Data records:
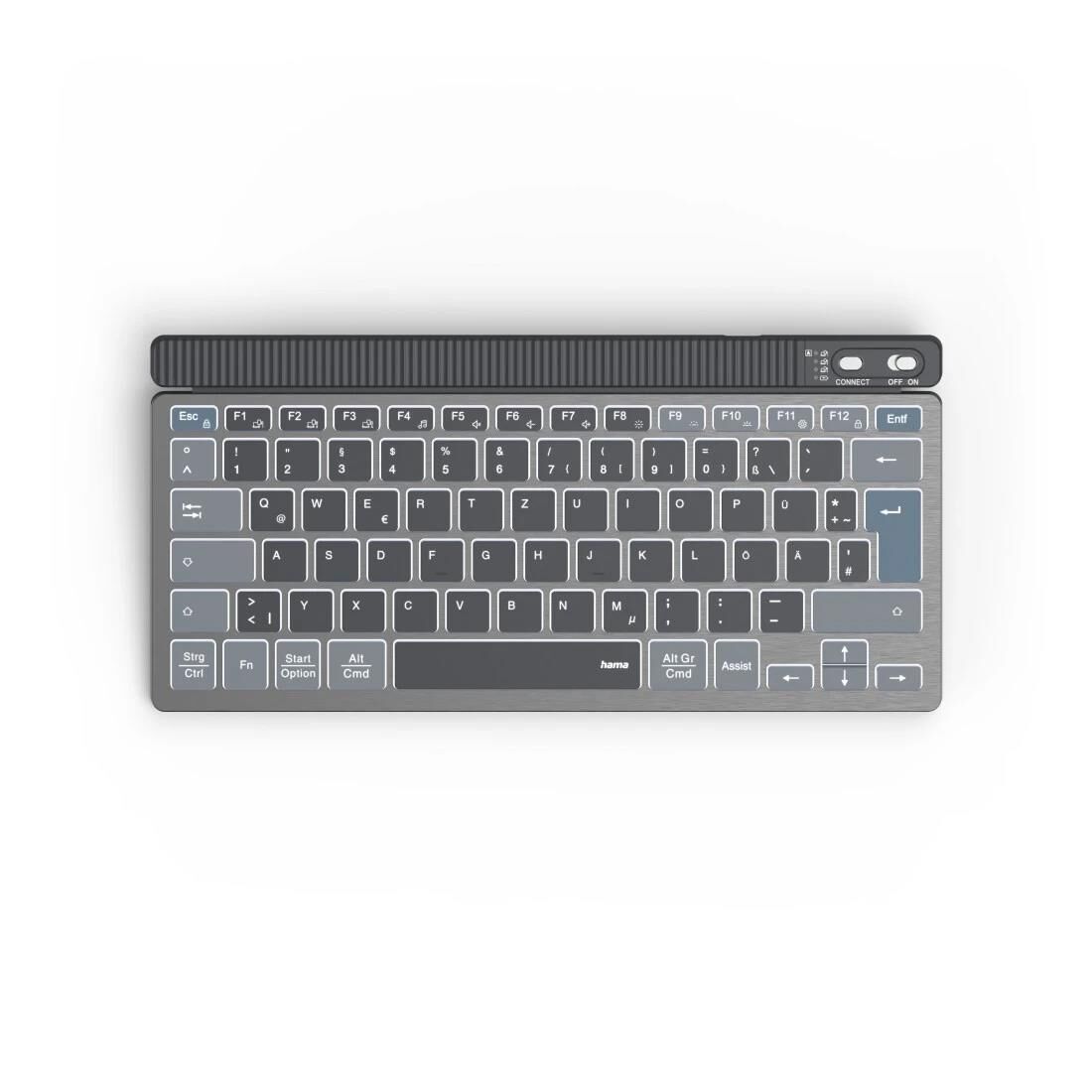 Hama Multi-Device-Tastatur "WK-700", kabellos, beleuchtet, klein, SW, QWERTZ DE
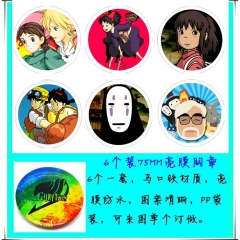 6PCS/SET 7.5CM Spirited Away Cartoon Alloy Anime Brooch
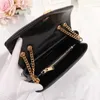 Evening Bags 2023 Luxury Handbag Shoulder Bag Brand LOULOU YShaped Designer Seam Leather Ladies Metal Chain Black Clamshell Messenger Chain Bags Box Who J230615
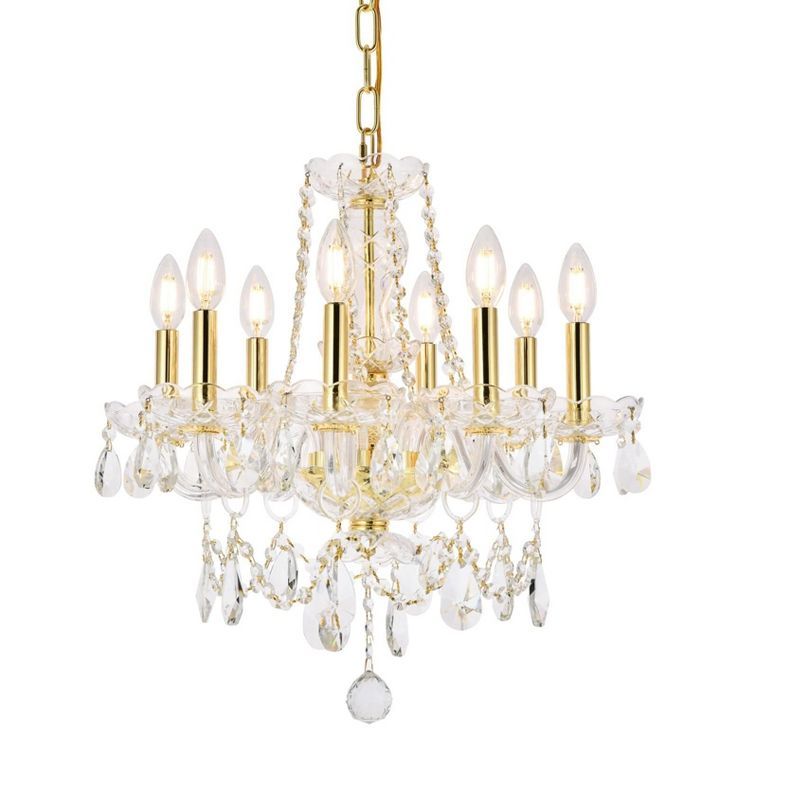 Princeton 8-Light Gold Chandelier with Clear Royal Cut Crystal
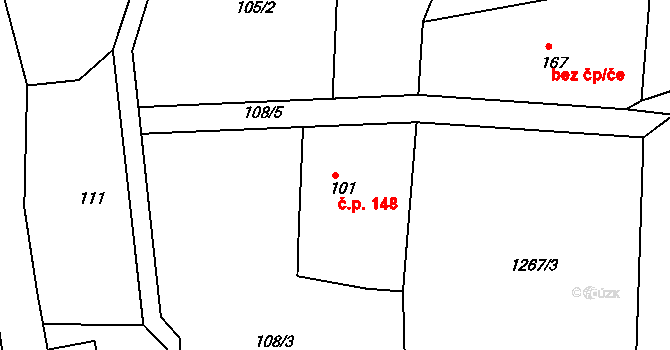 Rožmitál 148, Broumov na parcele st. 101 v KÚ Rožmitál, Katastrální mapa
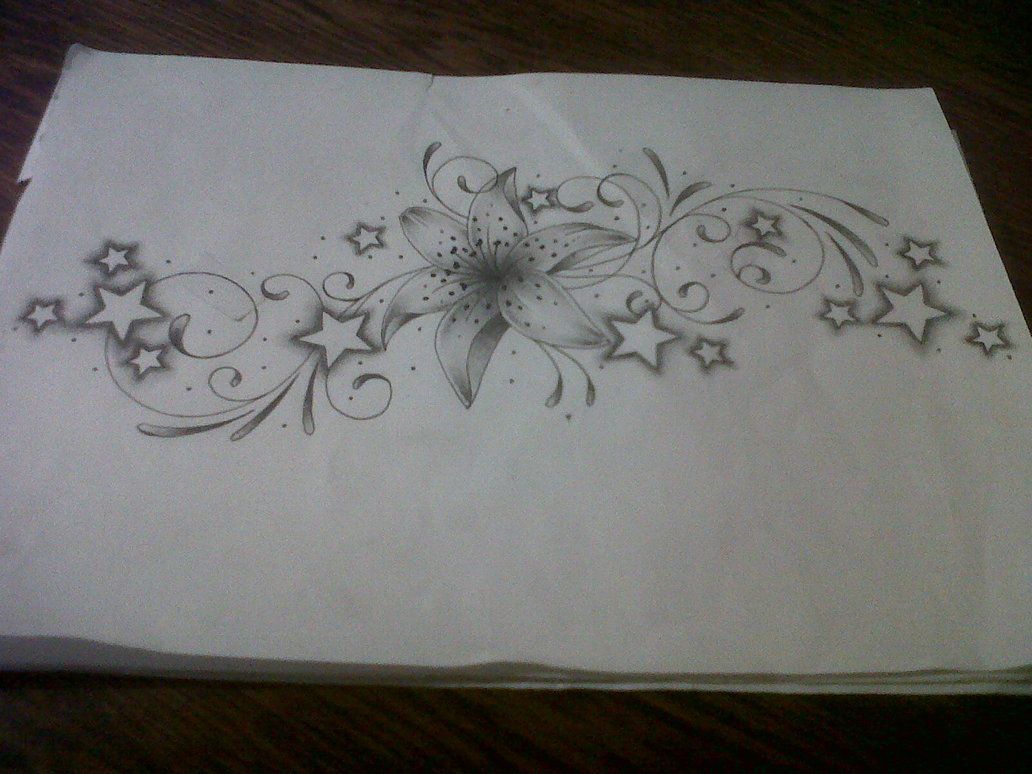 lily tattoo design with swirls and stars by *tattoosuzette on deviantART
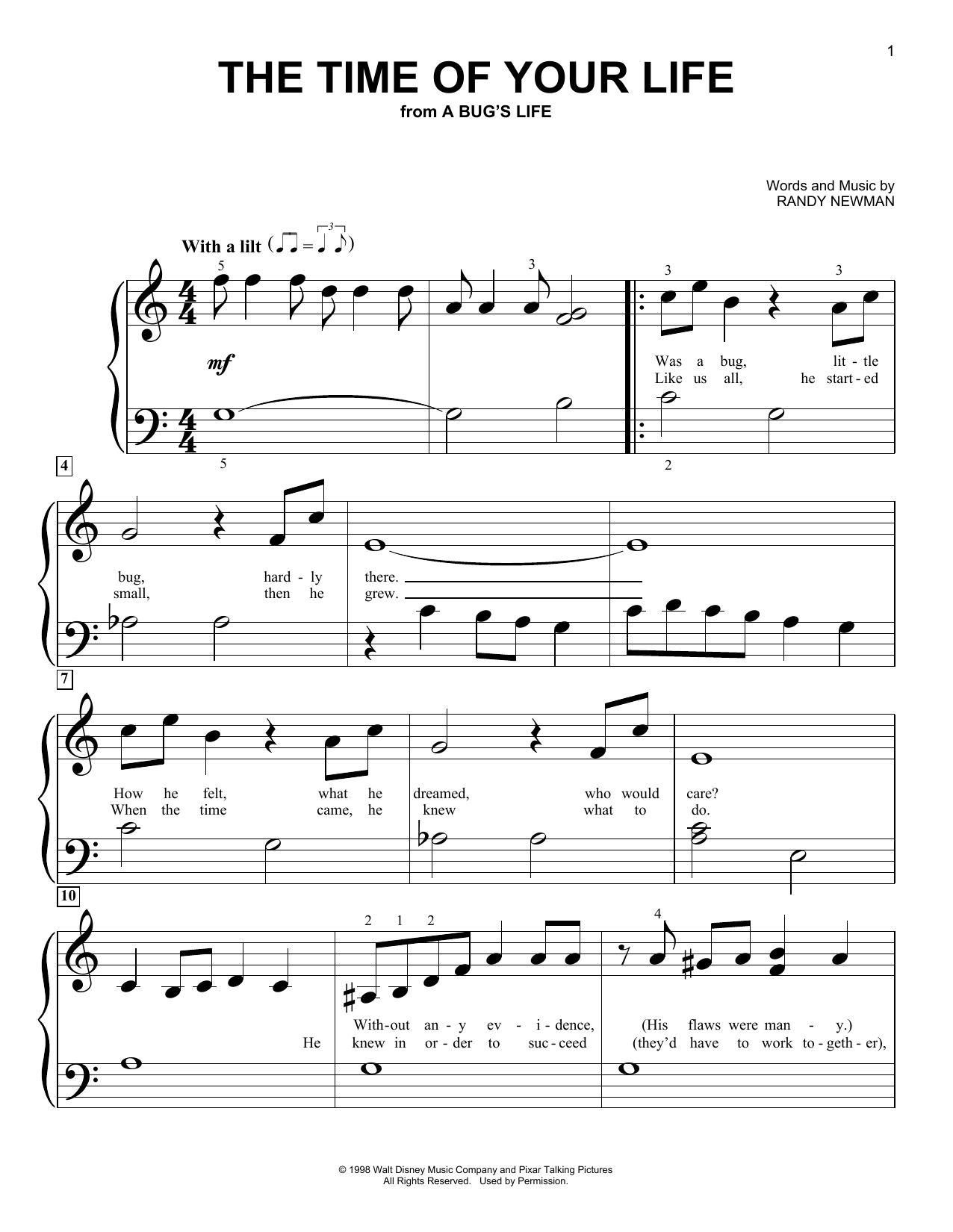 Randy Newman The Time Of Your Life (from A Bug's Life) sheet music notes and chords. Download Printable PDF.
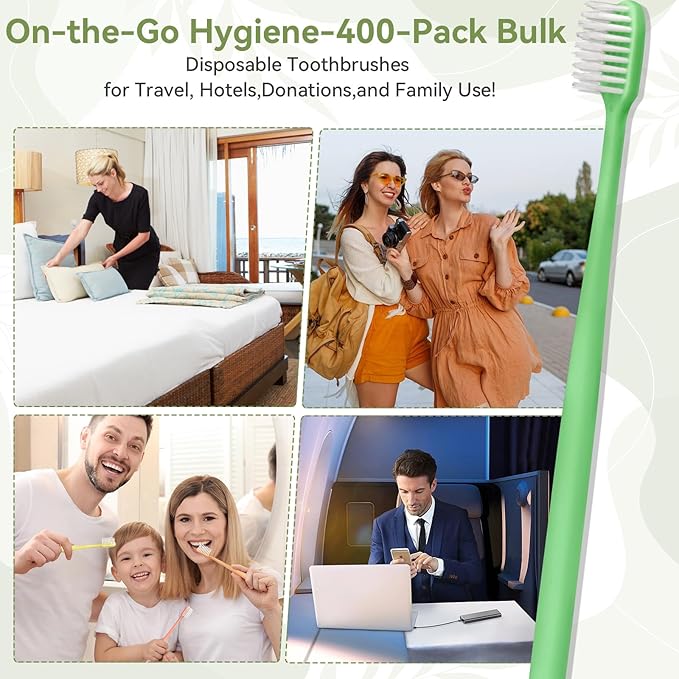 400 Pack Disposable Toothbrushes Bulk – Individually Wrapped Soft Bristles Single Use for Adults & Kids, Travel Hotel Guest Dental Office Donation Emergency Hygiene,Minimalist Design 5 Colors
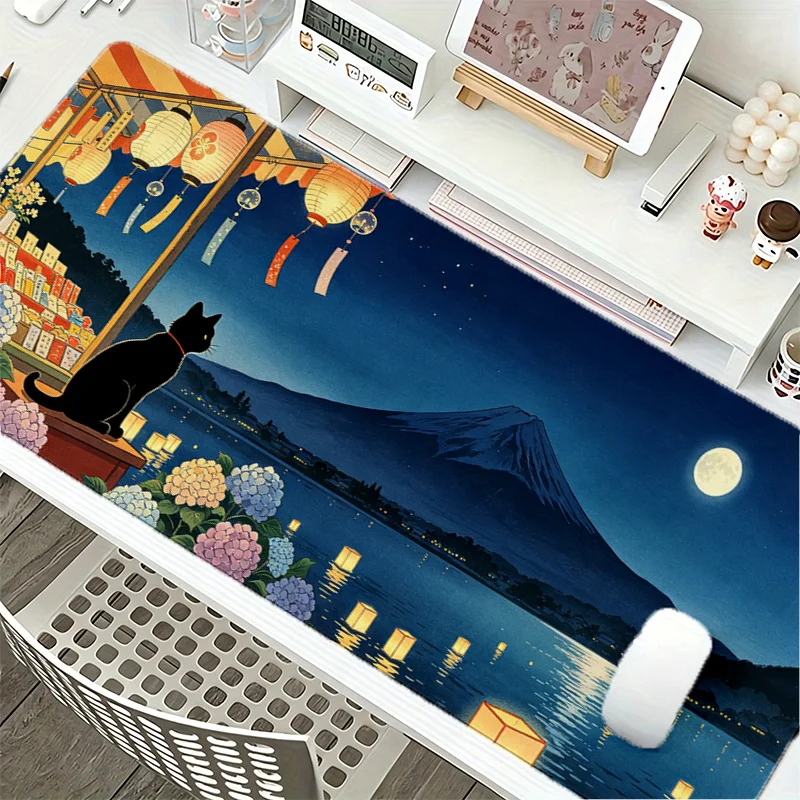 The Fuji Mountain Cat Lantern Mouse Pad from Japan's night market offers a peaceful festive scene for cat lovers and art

YOUR INSTRUCTIONS:
Skipping any pictures, copy the entries exactly as they appear.

TASK SOLUTION:
 Hama Multi-Device-Tastatur "WK-700", kabellos, beleuchtet, klein, SW, QWERTZ DE
 6PCS/SET 7.5CM Spirited Away Cartoon Alloy Anime Brooch
 Evening Bags 2023 Luxury Handbag Shoulder Bag Brand LOULOU YShaped Designer Seam Leather Ladies Metal Chain Black Clamshell Messenger Chain Bags Box Who J230615
 Princeton 8-Light Gold Chandelier with Clear Royal Cut Crystal
 Rožmitál 148, Broumov na parcele st. 101 v KÚ Rožmitál, Katastrální mapa
 lily tattoo design with swirls and stars by *tattoosuzette on deviantART
 Randy Newman The Time Of Your Life (from A Bug's Life) sheet music notes and chords. Download Printable PDF.
 400 Pack Disposable Toothbrushes Bulk – Individually Wrapped Soft Bristles Single Use for Adults & Kids, Travel Hotel Guest Dental Office Donation Emergency Hygiene,Minimalist Design 5 Colors
 The Fuji Mountain Cat Lantern Mouse Pad from Japan's night market offers a peaceful festive scene for cat lovers and art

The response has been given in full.